In the entries below, find each line with the word "next" and return it.

══ Dataset entries

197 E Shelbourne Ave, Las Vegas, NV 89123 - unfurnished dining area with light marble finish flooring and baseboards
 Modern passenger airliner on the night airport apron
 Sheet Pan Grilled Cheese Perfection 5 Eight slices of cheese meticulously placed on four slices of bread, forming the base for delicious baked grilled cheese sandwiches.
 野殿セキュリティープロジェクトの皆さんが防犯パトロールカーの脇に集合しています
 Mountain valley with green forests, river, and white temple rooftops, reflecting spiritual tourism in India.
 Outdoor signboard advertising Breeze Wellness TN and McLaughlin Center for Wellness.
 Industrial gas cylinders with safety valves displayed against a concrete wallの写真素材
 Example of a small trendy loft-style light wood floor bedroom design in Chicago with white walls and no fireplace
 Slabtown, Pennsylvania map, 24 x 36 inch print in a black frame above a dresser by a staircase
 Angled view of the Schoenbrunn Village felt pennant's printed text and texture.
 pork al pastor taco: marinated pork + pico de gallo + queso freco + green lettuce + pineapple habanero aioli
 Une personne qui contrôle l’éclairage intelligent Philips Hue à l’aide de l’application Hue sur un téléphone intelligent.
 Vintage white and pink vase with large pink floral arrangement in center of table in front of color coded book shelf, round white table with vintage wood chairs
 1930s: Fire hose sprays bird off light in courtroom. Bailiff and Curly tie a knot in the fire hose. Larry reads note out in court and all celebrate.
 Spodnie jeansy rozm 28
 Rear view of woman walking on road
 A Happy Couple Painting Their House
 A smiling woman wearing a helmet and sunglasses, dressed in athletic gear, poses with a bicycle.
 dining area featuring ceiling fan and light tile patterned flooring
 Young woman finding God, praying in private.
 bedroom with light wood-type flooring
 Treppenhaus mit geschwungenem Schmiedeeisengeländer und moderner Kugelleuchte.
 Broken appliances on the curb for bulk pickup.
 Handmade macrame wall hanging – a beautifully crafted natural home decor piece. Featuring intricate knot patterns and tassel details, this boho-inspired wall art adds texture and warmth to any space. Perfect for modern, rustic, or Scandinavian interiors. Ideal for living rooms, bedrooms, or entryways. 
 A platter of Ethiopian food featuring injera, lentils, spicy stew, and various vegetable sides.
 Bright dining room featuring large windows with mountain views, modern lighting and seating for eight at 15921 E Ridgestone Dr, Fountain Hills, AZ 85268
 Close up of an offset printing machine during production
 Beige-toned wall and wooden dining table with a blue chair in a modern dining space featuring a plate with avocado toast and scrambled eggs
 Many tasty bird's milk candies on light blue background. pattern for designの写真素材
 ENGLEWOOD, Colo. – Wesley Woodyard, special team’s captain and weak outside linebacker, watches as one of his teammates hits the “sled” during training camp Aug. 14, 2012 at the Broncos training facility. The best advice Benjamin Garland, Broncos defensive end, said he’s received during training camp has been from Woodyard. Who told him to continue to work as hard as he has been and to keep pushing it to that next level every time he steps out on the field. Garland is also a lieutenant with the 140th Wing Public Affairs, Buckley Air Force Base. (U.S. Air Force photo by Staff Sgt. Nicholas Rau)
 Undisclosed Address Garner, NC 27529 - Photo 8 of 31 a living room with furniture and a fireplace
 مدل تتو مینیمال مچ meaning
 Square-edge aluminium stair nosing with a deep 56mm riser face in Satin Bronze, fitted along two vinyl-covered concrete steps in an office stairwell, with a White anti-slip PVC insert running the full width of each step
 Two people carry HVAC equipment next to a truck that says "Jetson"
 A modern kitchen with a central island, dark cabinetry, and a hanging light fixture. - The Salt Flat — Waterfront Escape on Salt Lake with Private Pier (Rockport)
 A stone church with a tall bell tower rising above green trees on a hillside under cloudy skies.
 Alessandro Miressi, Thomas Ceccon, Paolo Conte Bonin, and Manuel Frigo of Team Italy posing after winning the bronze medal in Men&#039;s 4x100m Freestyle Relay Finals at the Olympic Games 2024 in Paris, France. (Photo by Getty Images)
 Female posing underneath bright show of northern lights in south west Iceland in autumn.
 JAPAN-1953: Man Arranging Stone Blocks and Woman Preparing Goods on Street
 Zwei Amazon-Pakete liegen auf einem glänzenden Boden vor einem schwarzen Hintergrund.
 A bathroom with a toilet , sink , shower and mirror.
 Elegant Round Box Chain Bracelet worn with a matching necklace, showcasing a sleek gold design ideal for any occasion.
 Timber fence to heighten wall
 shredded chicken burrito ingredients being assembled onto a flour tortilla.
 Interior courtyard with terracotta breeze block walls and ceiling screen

════

**Completed task**.
 ENGLEWOOD, Colo. – Wesley Woodyard, special team’s captain and weak outside linebacker, watches as one of his teammates hits the “sled” during training camp Aug. 14, 2012 at the Broncos training facility. The best advice Benjamin Garland, Broncos defensive end, said he’s received during training camp has been from Woodyard. Who told him to continue to work as hard as he has been and to keep pushing it to that next level every time he steps out on the field. Garland is also a lieutenant with the 140th Wing Public Affairs, Buckley Air Force Base. (U.S. Air Force photo by Staff Sgt. Nicholas Rau)
 Two people carry HVAC equipment next to a truck that says "Jetson"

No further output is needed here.